Immunoprecipitation: Specify whether you used Trypsin-ultra Mass Spectrometry Grade and the trypsin's name manufacturer.

"The tryptic peptides were dried and extracted for LC-MS/MS"

The samples have been peptide extracted before they have been peptide digested, thus I would change the word extracted here.

Before getting to the mass spec, were the samples C18 cleaned? What equipment and MS methods have you applied?

I think this part should move to line 634 where you talked about C18 before drying samples and sending them to MS.

Immunoprecipitation: I guess this part should come before you inject the samples to the MS?

LC-MS/MS analysis: Rearrange your method description so that the analyses come immediately after the section in which you first discussed LC-MS/MS, at 622.

Thank you for the detailed comments. Based on your suggestions, we have modified the Methods section by rearranging the text and adding more detailed information. For the LC-MS/MS instrument, we used two columns (MGU-30 C18 and reverse phase columns) and directly loaded the samples onto the columns, thus not going through a C18 cleaning process. The LC-MS/MS data were generated using a data-dependent mode with the help of an LTQ-Velos instrument.

The protein of interest belongs to the peroxiredoxins (Prxs) family of cysteine-dependent peroxidase enzymes.

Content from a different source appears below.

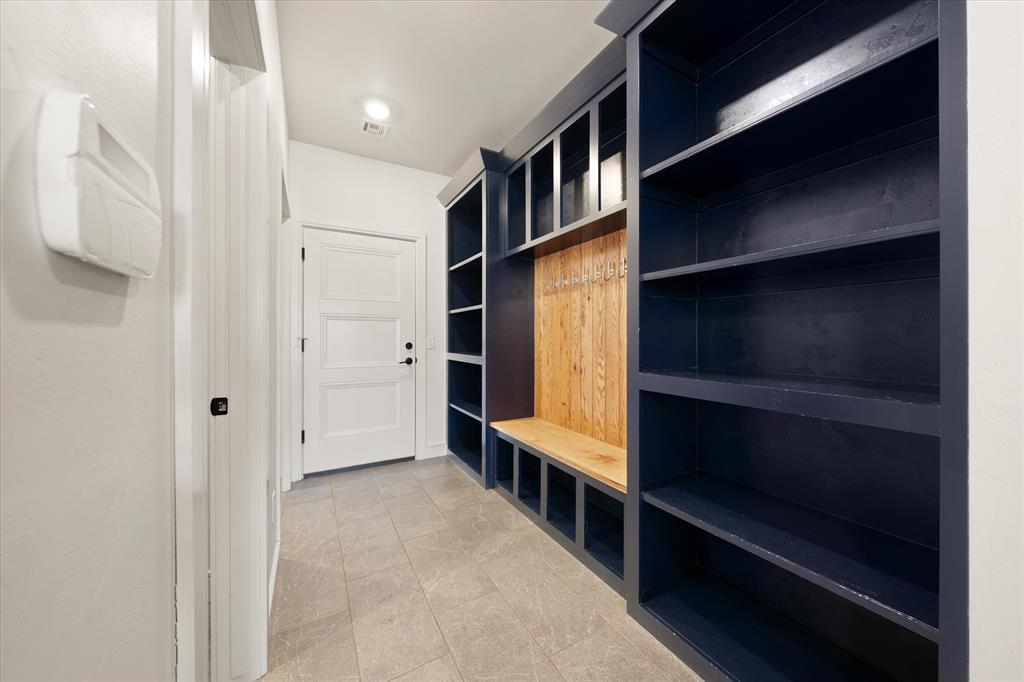 2400 Amante Court Property Photo 40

Have you reduced and alkylated your samples? I noticed that reduction and alkylation weren't included. I wonder if this was done on purpose to prevent interference with the protein of interest, or if the authors simply omitted to add the steps? Also, have you used an antioxidant when running your gel?

Our purpose was simply to determine the interacting proteins of Prdx5. During osteoblast differentiation, we noticed that Prdx5 is localized in the nucleus. Therefore, we determined the proteins that guide Prdx5 into the nucleus or binding partners in the nucleus, which had not been studied so far. We did not focus on the antioxidant function of Prdx5 in the nucleus. Therefore, we did not include reduction steps or addition of antioxidants in the gel. In addition, we did not want to modify the status of Prdx5 by adding antioxidants. Note that we performed tandem mass spectrometry analysis by oxygen quenching to determine the antioxidant function of Prdx5 in our previous study (DOI: 10.1021/pr100190b).